## Your goal
Each line below must be set down exactly; omit any image you find.

## Data
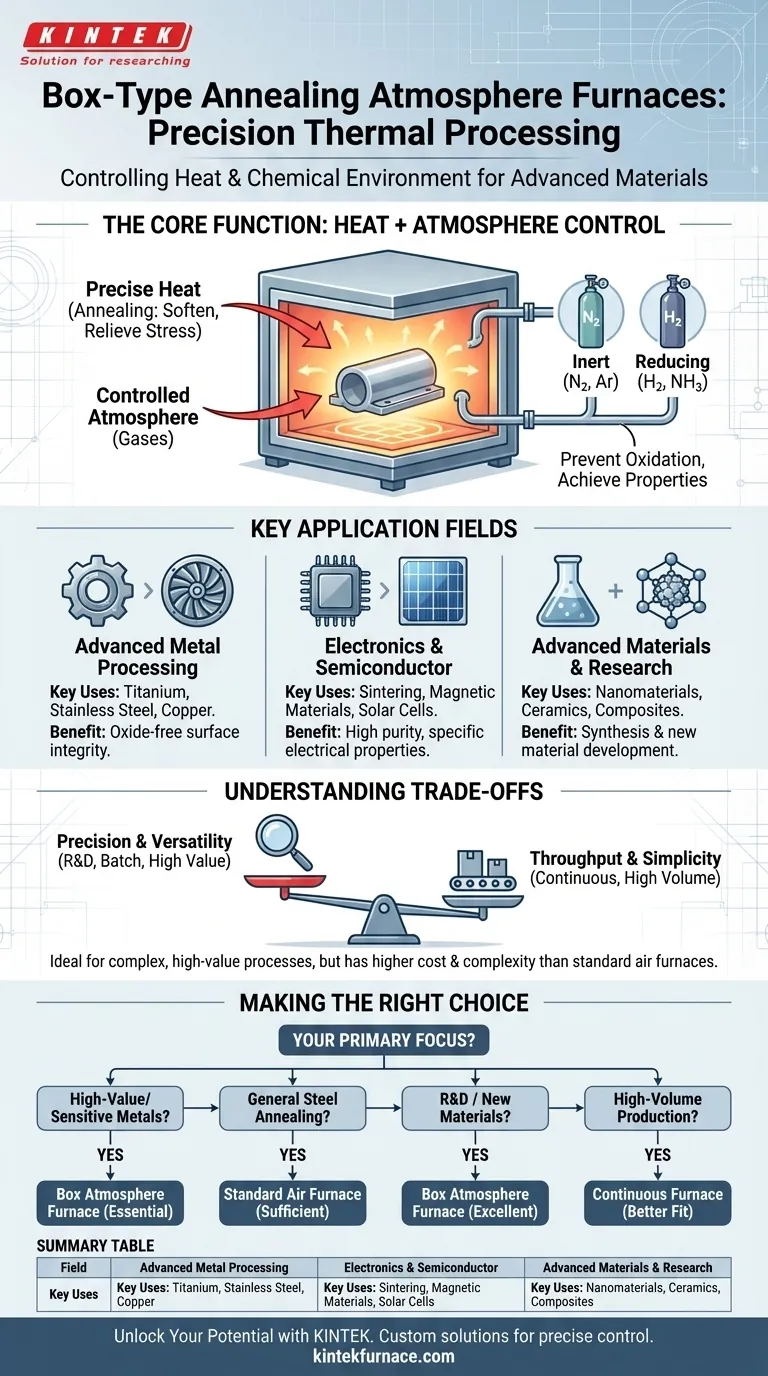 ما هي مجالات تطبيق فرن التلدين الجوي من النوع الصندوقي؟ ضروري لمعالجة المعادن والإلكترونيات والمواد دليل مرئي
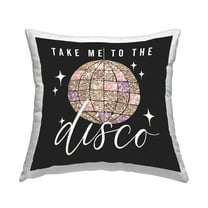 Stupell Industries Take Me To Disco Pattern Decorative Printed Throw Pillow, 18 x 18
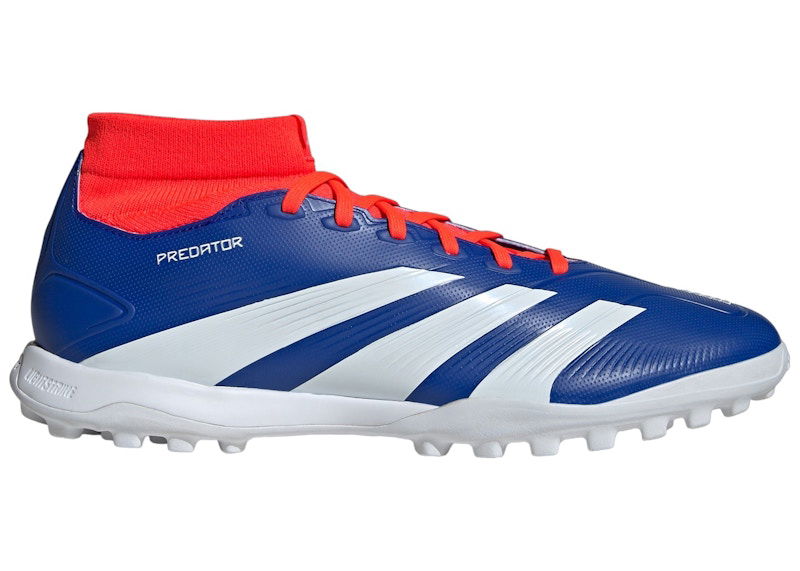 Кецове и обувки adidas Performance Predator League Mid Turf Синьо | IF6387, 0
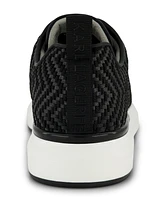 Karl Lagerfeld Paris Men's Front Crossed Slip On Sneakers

## Finished task
 ما هي مجالات تطبيق فرن التلدين الجوي من النوع الصندوقي؟ ضروري لمعالجة المعادن والإلكترونيات والمواد دليل مرئي
 Stupell Industries Take Me To Disco Pattern Decorative Printed Throw Pillow, 18 x 18
 Кецове и обувки adidas Performance Predator League Mid Turf Синьо | IF6387, 0
 Karl Lagerfeld Paris Men's Front Crossed Slip On Sneakers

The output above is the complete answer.